■ SUPPLIED INFORMATION
/---

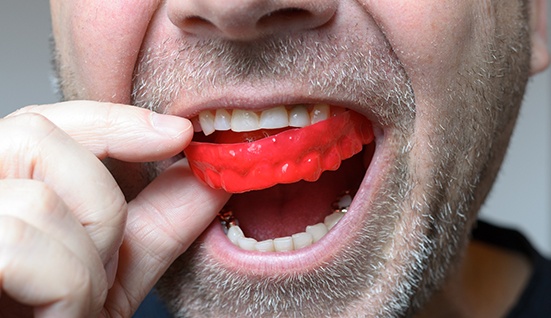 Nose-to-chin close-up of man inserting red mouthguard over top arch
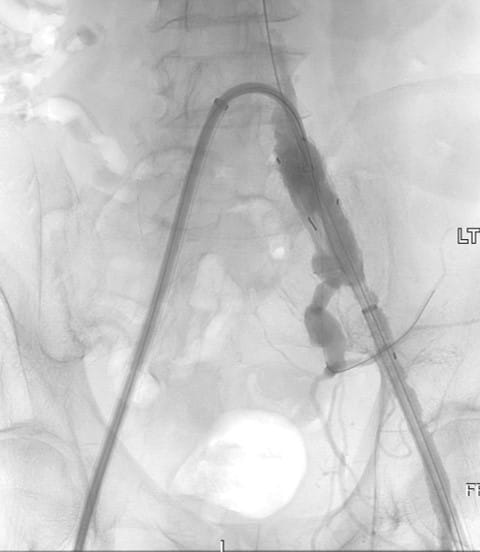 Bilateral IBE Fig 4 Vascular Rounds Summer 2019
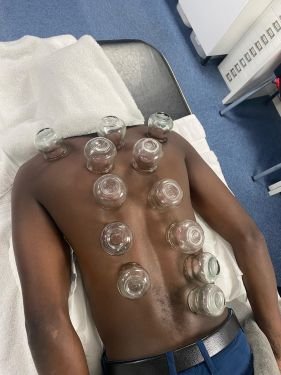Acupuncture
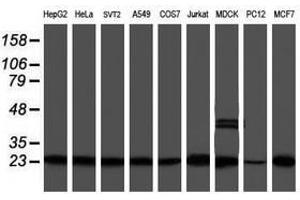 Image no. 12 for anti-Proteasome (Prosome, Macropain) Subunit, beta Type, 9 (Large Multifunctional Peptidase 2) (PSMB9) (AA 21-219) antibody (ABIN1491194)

\---

Every line from the one that holds "Acupuncture" to the end of the listing should be output exactly, with pictures left out, please.

Acupuncture
 Image no. 12 for anti-Proteasome (Prosome, Macropain) Subunit, beta Type, 9 (Large Multifunctional Peptidase 2) (PSMB9) (AA 21-219) antibody (ABIN1491194)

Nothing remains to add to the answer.